Department of Labor (DOL) officials likely violated federal law when they said they had records requested under the Freedom of Information Act (FOIA), then six years later said they didn’t and deleted an email account that proved otherwise, Americans for Limited Government (ALG) said in a FOIA appeal Tuesday.

“At best, this is a case of mismanagement,” ALG President Nathan Mehrens told The Daily Caller News Foundation. “At worst, well, use your imagination. Are they hiding something and trying to run out the clock in order to avoid sunlight into their operations?”

ALG claims in an appeal to the DOL solicitor general that department officials likely violated FOIA and the Federal Records Act by failing to conduct a reasonable search for documents and destroying potentially relevant email records.

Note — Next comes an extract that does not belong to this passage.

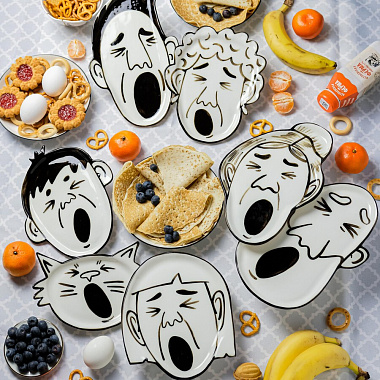 картинка Тарелка Бабушка, 26х18 см от магазина Одежда+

Mehrens will file a complaint with the department’s inspector general in the next week.

Mehrens requested on Aug. 12, 2012, all DOL communications to date discussing Wage and Hour Division opinion letters. He sought to discover why the office stopped issuing the opinions in 2009. The opinions offered official positions on issues such as whether a particular occupation is exempt from overtime laws.

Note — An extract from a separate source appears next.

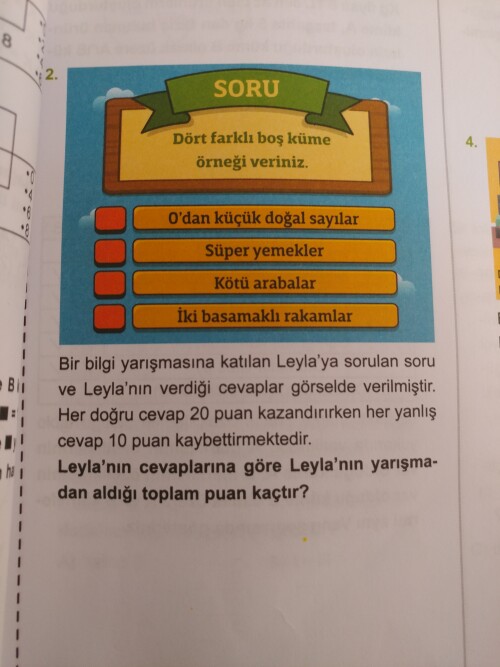 cevap  kağıt üzerinde olursa sevinirim 6. sınıf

DOL officials said they were reviewing responsive documents. Wage and Hour FOIA officer William Nardo told Mehrens Feb. 7, 2012, that he had “received responsive material from our subject matter experts,” according to ALG records obtained by TheDCNF. “We must now review and redact information in accordance with the exemptions of FOIA.”

Three weeks later, Nardo said his office was “reviewing responsive documents and hopes to send it to our legal department by next week.”

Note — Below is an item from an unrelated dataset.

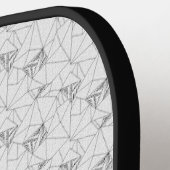 Raquette De Pickleball Conception verticale Cent Deux (Détail gauche)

But more than four years and dozens of email exchanges later, Wage and Hour Government Information Specialist Michelle Moreno issued a final response on July 7, 2016, saying her office had “no records.

Click here to read more from The Daily Caller.

Federal bureaucrats don't care about transparency -- and why should they? They aren't elected by the people, so they feel no obligation towards them. This, of course, is the problem. Too many decisions are made by bureaucrats who are totally unaccountable to the will of the people. A Convention of States can change this by proposing constitutional amendments that limit the power and jurisdiction of federal agencies. Click here to learn more.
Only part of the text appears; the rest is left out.